Novavax: Why vaccination appointments take so long? When will it be available?

Novavax: Why vaccination appointments take so long? When will it be available?

 

Novavax when will it be available: Around 1.75 million doses of the Corona vaccine Novavax are to be delivered by February 21. Only one federal state, however, has enabled registration for vaccination appointments thus far.

Rhineland-Palatinate will be the first federal state to enable residents registration for vaccination appointments with Novavax’s Corona vaccine beginning January 24th. The first delivery should arrive at the end of February. The appointments are made via the country’s vaccination portal.

“This is fantastic news for everyone who has been delaying immunisation while waiting for the ‘dead vaccine,'” stated Clemens Hoch (SPD), Minister of Health for Rhineland-Palatinate, ahead of the announcement.

Our immune system is good at attacking the coronavirus on the spike proteins on its surface. Researchers can isolate and artificially copy the blueprint of these protein molecules – the so-called mRNA or messenger RNA. The mRNA is packed in a fine protective shell and injected. The body cells absorb the mRNA and now form spike proteins based on the genetic information. The inoculated cells present the spike proteins on their surface. The immune system becomes active and forms precisely tailored antibodies. The vaccines from Biotech/Pfizer and Moderna work according to this principle.

 

Vector vaccines

Vector vaccines such as AstraZeneca, Johnson & Johnson, and Sputnik V are also about introducing the blueprint for the spike proteins of the coronavirus into the human body. For this purpose, the DNA of the spike proteins is used and inserted into the DNA of a transport virus. The transport virus – called vector – is a common cold virus (adenovirus) harmless to humans.

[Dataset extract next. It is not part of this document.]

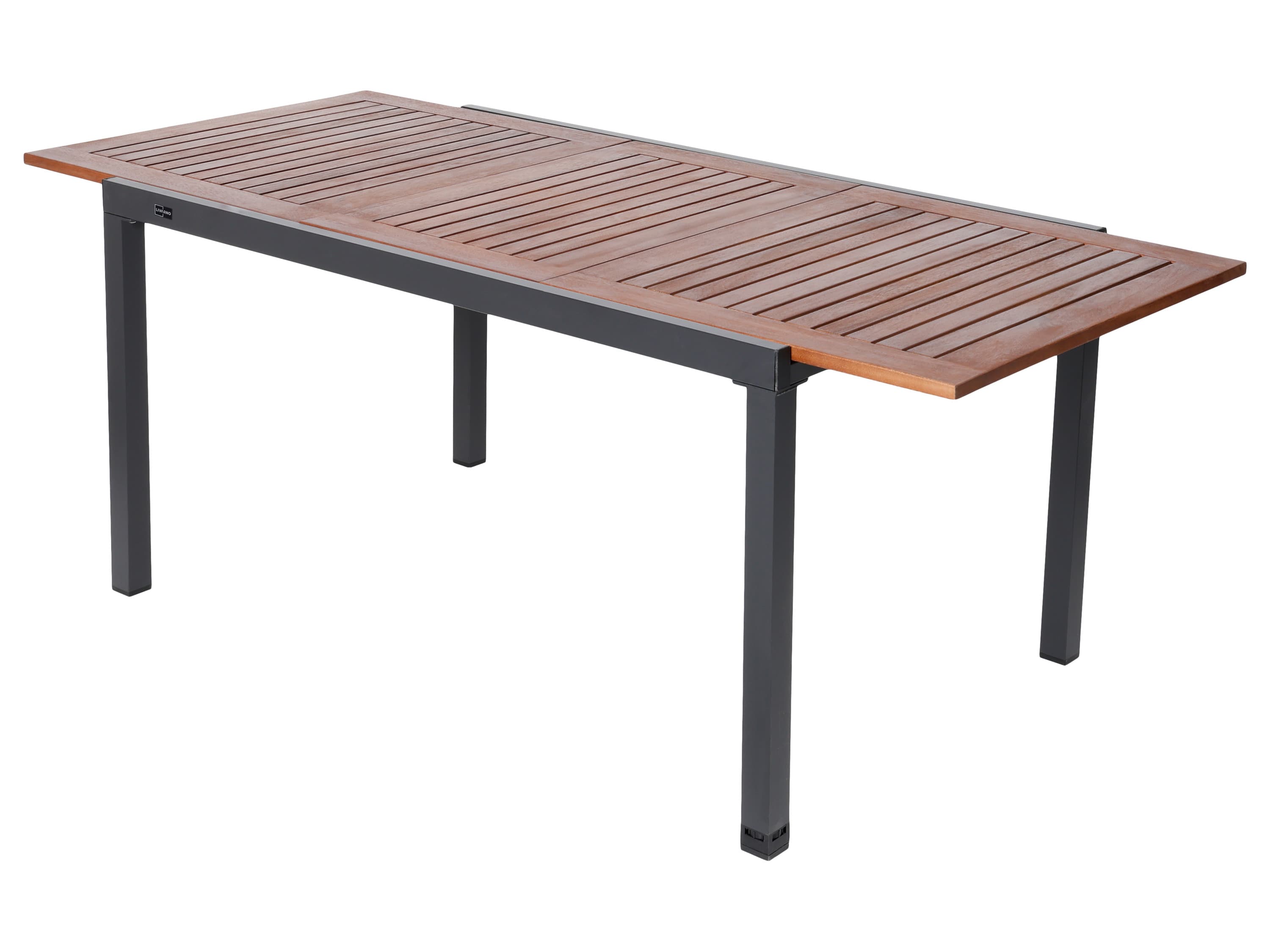 LIVARNO® Hliníkový záhradný rozkladací stôl Valencia, 143 – 194,5 x 90 x 74 cm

Unlike mRNA, DNA cannot be read directly in the cell plasma and converted into spike proteins. The DNA first has to take a detour to the cell nucleus, where it is translated into mRNA. The cells then do the same thing as the mRNA vaccine: they deliver the spike proteins to the immune system, which allows the body to generate an immunological response.

The Russian vaccine Sputnik V uses two adenoviruses (Ad26 and Ad5) as vectors. They are administered separately – Ad26 in the first dose and Ad5 in the second. This is to increase the effectiveness of the vaccine.

 

Protein vaccines

Protein-based vaccines are classic vaccines that have long been used for vaccines such as influenza or hepatitis. Novavax uses the spike protein of the coronavirus for its vaccine and reproduces it en masse in insect cells. Unlike the mRNA and vector vaccines, the spike protein is genetically engineered outside of the human body.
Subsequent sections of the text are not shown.